A congenital spinal defect in which part of one or more vertebrae fails to develop completely, leaving a portion of the spinal cord exposed. Spina Bifida can occur anywhere on the spine but is most commonly found in the lower back. The severity of the condition depends on how much nerve tissue is exposed.

Causes and Incidence

The cause of Spina Bifida remains unknown <personal note: Despite the constant regurgitating of the same ideas over and over>, although vitamin deficiency seems to be one of the main factors involved.

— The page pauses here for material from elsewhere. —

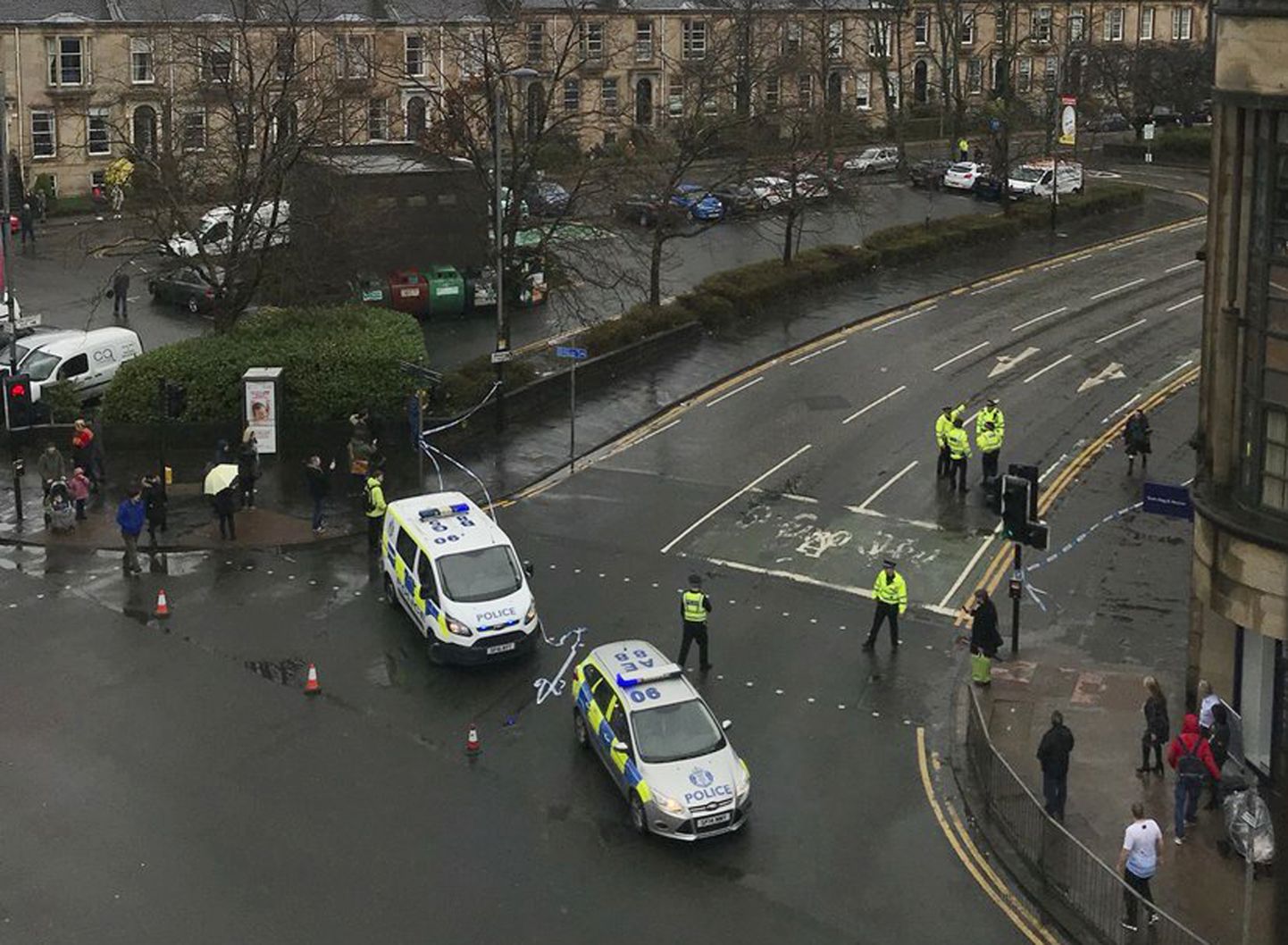 Politseiautod Glasgow ülikooli juures.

In the UK, the number of babies being born with the disorder has been declining recently <Note: read the last 10-15 years>as screening and prevention programmes have come into general use, but the incidence is still about 30 per 100,000 born.

<Note: In plain English. Screening has given parents the option to abort. I was eight years old, watching a programme on TV when my mother came in and found me. I turned to her and said;

"I know I can't do as much as other children, but what I can do I enjoy"

From an eight year old. "what I can do I enjoy". The basis for my objection to abortion on the basis of disability. But this page isn't about that :) >

Types

There are four known distinct forms of Spina Bifida.

Spina Bifida Occulta : The most common and least serious form. Little external evidence apart from a dimple or tuft of hair over the area of the underlying abnormality. Spina Bifida Occulta often goes completely unnoticed in otherwise healthy children, although there are occasionally accompanying abnormalities of the lower part of the spinal cord.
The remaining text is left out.